▶ What the task asks
In the records that follow, locate every line with "Dress" and extract it.

-- Available data follows --

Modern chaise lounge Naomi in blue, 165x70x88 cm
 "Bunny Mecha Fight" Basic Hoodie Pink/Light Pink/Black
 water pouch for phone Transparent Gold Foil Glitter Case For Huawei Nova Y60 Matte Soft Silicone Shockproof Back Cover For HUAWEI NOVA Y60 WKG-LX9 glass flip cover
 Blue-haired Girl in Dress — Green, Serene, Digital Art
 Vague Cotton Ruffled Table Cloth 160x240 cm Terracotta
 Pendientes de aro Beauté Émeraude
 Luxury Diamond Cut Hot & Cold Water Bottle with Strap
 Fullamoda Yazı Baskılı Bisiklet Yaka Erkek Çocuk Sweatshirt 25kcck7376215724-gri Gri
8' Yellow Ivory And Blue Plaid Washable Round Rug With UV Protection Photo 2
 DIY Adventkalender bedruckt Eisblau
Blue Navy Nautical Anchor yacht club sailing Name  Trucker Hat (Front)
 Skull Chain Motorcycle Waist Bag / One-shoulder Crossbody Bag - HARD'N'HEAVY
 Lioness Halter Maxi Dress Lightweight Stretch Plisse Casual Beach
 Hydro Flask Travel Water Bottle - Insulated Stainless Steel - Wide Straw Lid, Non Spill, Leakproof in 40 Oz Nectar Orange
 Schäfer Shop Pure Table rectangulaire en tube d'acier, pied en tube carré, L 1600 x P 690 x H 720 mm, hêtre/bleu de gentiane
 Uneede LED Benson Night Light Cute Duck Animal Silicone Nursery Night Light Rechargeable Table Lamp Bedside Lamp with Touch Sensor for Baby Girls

-- Available data concluded --

▶ Reply to the task
 Blue-haired Girl in Dress — Green, Serene, Digital Art
 Lioness Halter Maxi Dress Lightweight Stretch Plisse Casual Beach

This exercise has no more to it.